Par Laure Salathé
Une critique sur le spectacle:
Macbeth / D’après William Shakespeare / Adaptation et mise en scène de Valentin Rossier/ New Helvetic Shakespeare Company / La Grange de Dorigny / du 21 au 29 octobre 2017 / Plus d’infos
Macbeth tue Duncan. Puis il tue Banquo. Peu à peu, sa folie prend le dessus. Il ne voit plus clair, ne fait plus la différence entre le réel et ce qu’il imagine. Dans la mise en scène de Valentin Rossier, les spectateurs voient l’action par le prisme de la folie, ne distinguant plus ce qui est du ressort de l’imagination du personnage de ce qui ne l’est pas. Dans ce spectacle créé à l’Orangerie cet été, la pièce de Shakespeare prend une dimension étrange, comme un cauchemar de Macbeth.

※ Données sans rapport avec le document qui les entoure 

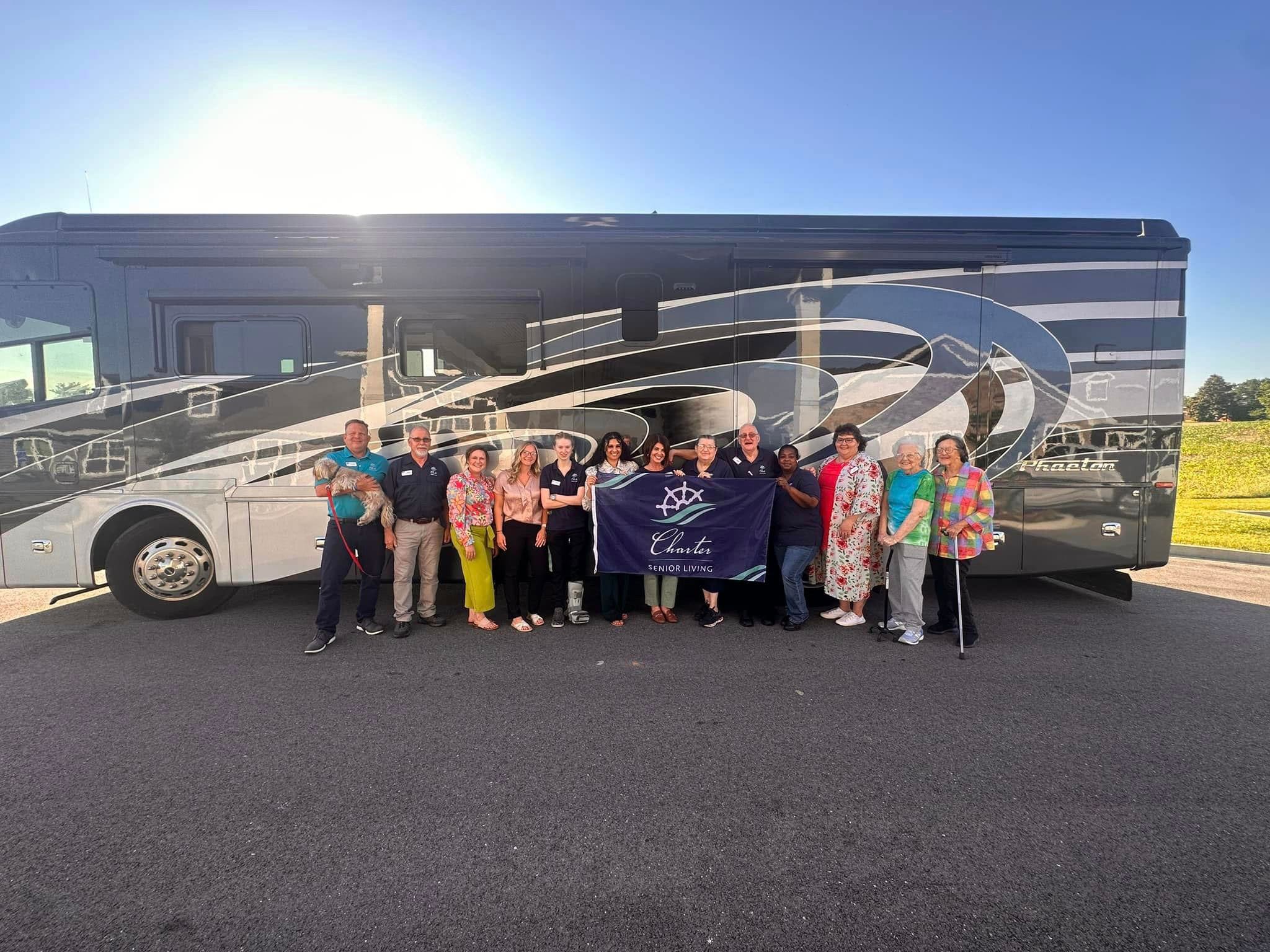 Charter Senior Living Co-Founders next to their RV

Macbeth (Valentin Rossier) offre des discours intenses, criés, hurlés et parfois pleurés. La folie du personnage est amplifiée par le whisky, dont il se sert en abondance. Si son allure est fatiguée à l’ouverture du spectacle, elle se fait vaseuse, défraîchie, au fur et à mesure des meurtres et de la liqueur. Il crie, il pleure, il implore les trois sorcières et exaspère sa femme ; il est perdu, sa peur se noie dans son remords. Son état empire jusqu’au moment où, titubant, sa couronne sur la tête, il s’en va combattre Macduff. La relecture de Macbeth en personnage qui boit explique peut-être le ralentissement progressif de la pièce : les tirades se font un peu traînantes, surtout vers la fin, ponctuée de nombreux silences. Ce rythme, il faut le dire, est lui même quelque peu lassant : dommage que l’état de Macbeth, présenté comme las dès le début, ne puisse que s’aggraver.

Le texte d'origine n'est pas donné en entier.